We have found that Ser68 and Ser70 positions in the basic domains were positively selected in both subtypes which were previously reported as genetically variable region [4], and we also observed similar results. This result implies that changes in amino acids in basic region may have a functional impact, and those changes may fix in the virus population. However, further in vitro experiment is needed to validate this hypothesis. We found that positions encoded in exon 2 such as Ser75, Pro77, Asp80, Pro81, and Ser87 were positively selected. As reported previously, exon 2 plays a role in the kappa-lightchain enhancer of activated B cell-(NF-κB) dependent control of HIV-1 transcription in T cells [8, 35]. It has been previously reported that unlike laboratory-passaged strains, such as HIV- 1HXB2 with premature stop codon at position 87, majority of HIV-1 strains encode 101 amino acids without any truncation beyond the position 86 [1]. We found Ser87 in subtypes B and C which was positively selected. As previously noted, the existence of two exons is essential to maintain stability of Tat in vivo [36]; therefore, this position may be crucial to maintain the functional stability of Tat. Again, mutations of the exon 2 were found particularly at intimately networked coevolving sites with exon1 in the fourth, fifth, and sixth domains (data not shown). This may also have some impact on HIV mRNA transcription through Tat-TAR interaction and initiation of reverse transcription, which were previously reported as influenced by genetic variation of Tat [8, 37].
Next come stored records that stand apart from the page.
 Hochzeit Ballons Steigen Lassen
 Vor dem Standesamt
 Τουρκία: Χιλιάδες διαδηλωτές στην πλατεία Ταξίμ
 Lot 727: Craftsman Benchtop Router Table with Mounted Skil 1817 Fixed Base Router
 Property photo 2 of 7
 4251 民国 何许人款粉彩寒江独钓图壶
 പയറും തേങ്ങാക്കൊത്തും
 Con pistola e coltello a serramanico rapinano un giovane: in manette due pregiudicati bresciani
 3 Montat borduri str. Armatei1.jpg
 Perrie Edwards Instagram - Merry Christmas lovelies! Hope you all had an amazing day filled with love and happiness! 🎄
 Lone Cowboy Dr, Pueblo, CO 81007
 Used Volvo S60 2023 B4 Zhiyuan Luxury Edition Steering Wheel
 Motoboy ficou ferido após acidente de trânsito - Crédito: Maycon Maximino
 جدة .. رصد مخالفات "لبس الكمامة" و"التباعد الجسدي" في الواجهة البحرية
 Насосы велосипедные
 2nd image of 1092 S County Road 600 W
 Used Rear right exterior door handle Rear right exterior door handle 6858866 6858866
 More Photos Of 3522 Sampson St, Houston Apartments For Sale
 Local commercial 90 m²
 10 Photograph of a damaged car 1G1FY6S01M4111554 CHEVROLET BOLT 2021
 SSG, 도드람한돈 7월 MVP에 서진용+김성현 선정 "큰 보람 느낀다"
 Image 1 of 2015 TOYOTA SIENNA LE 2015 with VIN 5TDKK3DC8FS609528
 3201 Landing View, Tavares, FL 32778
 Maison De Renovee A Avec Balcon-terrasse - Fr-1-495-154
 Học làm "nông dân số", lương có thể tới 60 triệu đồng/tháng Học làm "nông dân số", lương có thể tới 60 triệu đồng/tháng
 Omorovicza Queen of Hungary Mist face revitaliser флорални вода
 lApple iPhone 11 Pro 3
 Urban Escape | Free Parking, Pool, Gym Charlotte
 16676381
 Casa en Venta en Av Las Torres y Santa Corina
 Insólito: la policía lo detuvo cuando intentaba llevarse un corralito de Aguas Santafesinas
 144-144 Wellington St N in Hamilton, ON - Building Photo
Developing antivirals targeting the interaction site between HIV-1 Tat and TAR has been under process [38]. In addition, Tat based vaccine development is also underway [39]. Examining the molecular diversity of full-length Tat gene in globally circulating strains is therefore imperative. Thus, our study findings accomplish to understand the genetic diversity of full-length Tat in common HIV-1 subtypes like B and C.